Comment 10 for bug 1323658

Revision history for this message
Salvatore Orlando (salvatore-orlando) wrote : Re: SSH EOFError - Public network connectivity check failed

The tempest revert https://review.openstack.org/#/c/97245/ has pretty much nullified impact on gate.

This is good for the gate, but does not help us nailing the root cause.
"Some sort of timing issue" is the closest thing we have at the moment.

Here's a summary of the analysis so far:
- the elastic recheck query has a fingerprint that can be matched only by neutron jobs. SSH failures have been observed also in jobs running nova-network, but it's not clear whether there is the same failure mode.
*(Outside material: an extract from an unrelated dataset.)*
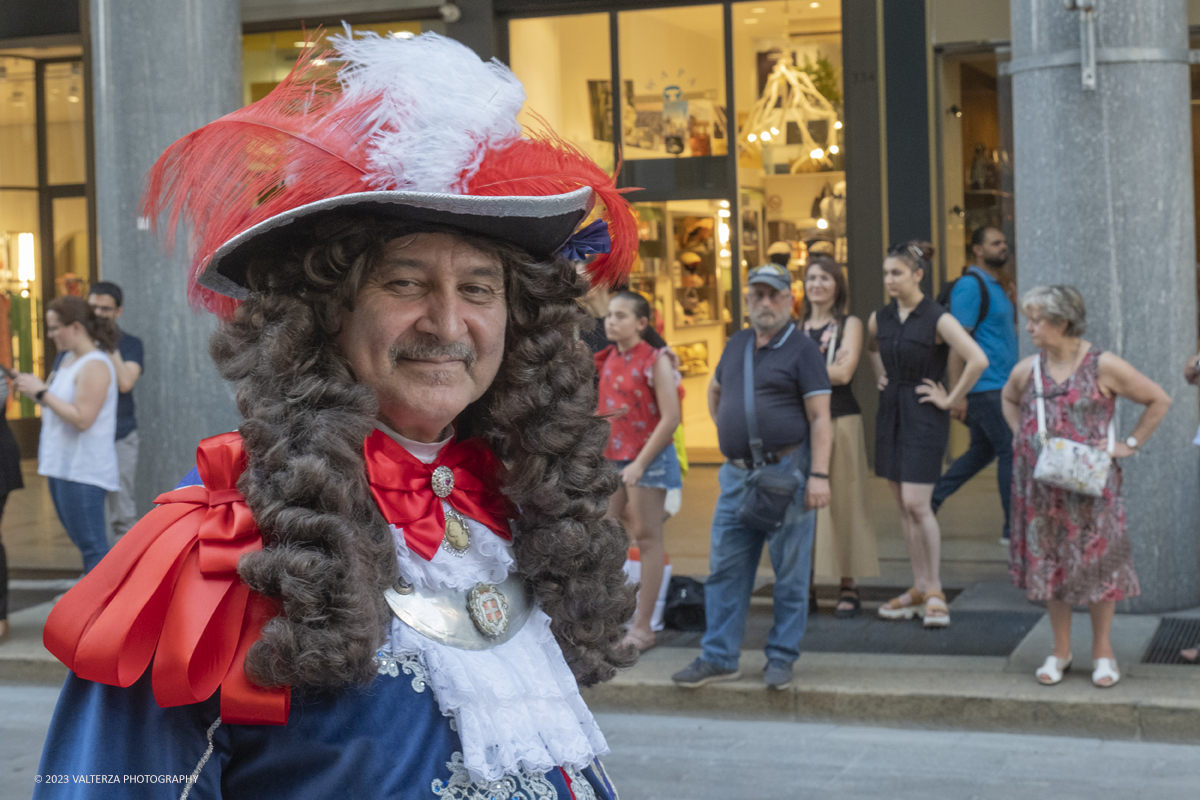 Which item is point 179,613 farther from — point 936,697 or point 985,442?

- Failures occur only on start/stop and resize tests. The other tests in the network advanced server ops scenario seem to pass always.
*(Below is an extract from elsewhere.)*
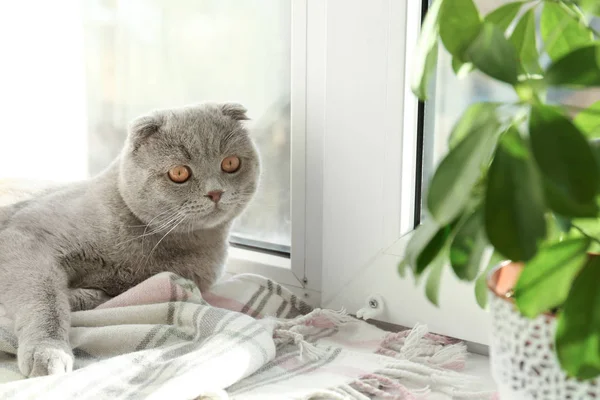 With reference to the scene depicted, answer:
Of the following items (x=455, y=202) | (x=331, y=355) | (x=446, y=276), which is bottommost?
(x=331, y=355)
- The failure has been observed in upstream CI, ODL CI, and VMware CI - with exactly the same failure mode. This probably rules out any issue in neutron's agents. (VMware CI does not even run the L3 agent)
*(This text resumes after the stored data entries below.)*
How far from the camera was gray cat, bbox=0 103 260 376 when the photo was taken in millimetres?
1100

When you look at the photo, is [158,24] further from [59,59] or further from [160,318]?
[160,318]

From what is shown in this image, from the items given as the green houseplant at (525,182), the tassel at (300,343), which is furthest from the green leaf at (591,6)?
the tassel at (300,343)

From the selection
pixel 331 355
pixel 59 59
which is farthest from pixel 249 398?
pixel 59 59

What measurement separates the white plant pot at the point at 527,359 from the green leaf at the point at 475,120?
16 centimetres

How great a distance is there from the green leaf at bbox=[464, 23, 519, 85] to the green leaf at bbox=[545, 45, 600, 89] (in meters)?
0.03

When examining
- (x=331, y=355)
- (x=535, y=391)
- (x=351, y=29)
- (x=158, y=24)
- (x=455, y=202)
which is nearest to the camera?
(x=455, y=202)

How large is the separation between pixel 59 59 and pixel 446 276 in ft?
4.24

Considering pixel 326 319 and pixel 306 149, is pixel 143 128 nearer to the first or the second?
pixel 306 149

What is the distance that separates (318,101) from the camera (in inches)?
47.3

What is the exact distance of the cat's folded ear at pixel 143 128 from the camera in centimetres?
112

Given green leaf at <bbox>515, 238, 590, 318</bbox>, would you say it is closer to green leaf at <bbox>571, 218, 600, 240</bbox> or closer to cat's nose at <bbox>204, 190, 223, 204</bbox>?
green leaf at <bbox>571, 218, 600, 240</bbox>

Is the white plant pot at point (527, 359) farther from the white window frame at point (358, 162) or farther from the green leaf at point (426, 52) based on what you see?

- syslog reveals the VM gets an IP even after the reboot, when instead it's not reachable through ssh.
  L2 logs and L3 logs for the same interval do not report instead changes to secuity groups, nat rules, or router interfaces.
- the ssh timeout occurs because of "connection refused" (111) rather than "no route to host" (113). This could be because:
  - instance booted but ssh service is disabled (waiting for console log output on tests)
  - ssh traffic being rejected at the host (iptables drop counters suggest this is not the case)
  - floating ip acting as a responder (nat rules for the floating IP are in place, so this should not be the case)
- no errors are seen in kernel logs.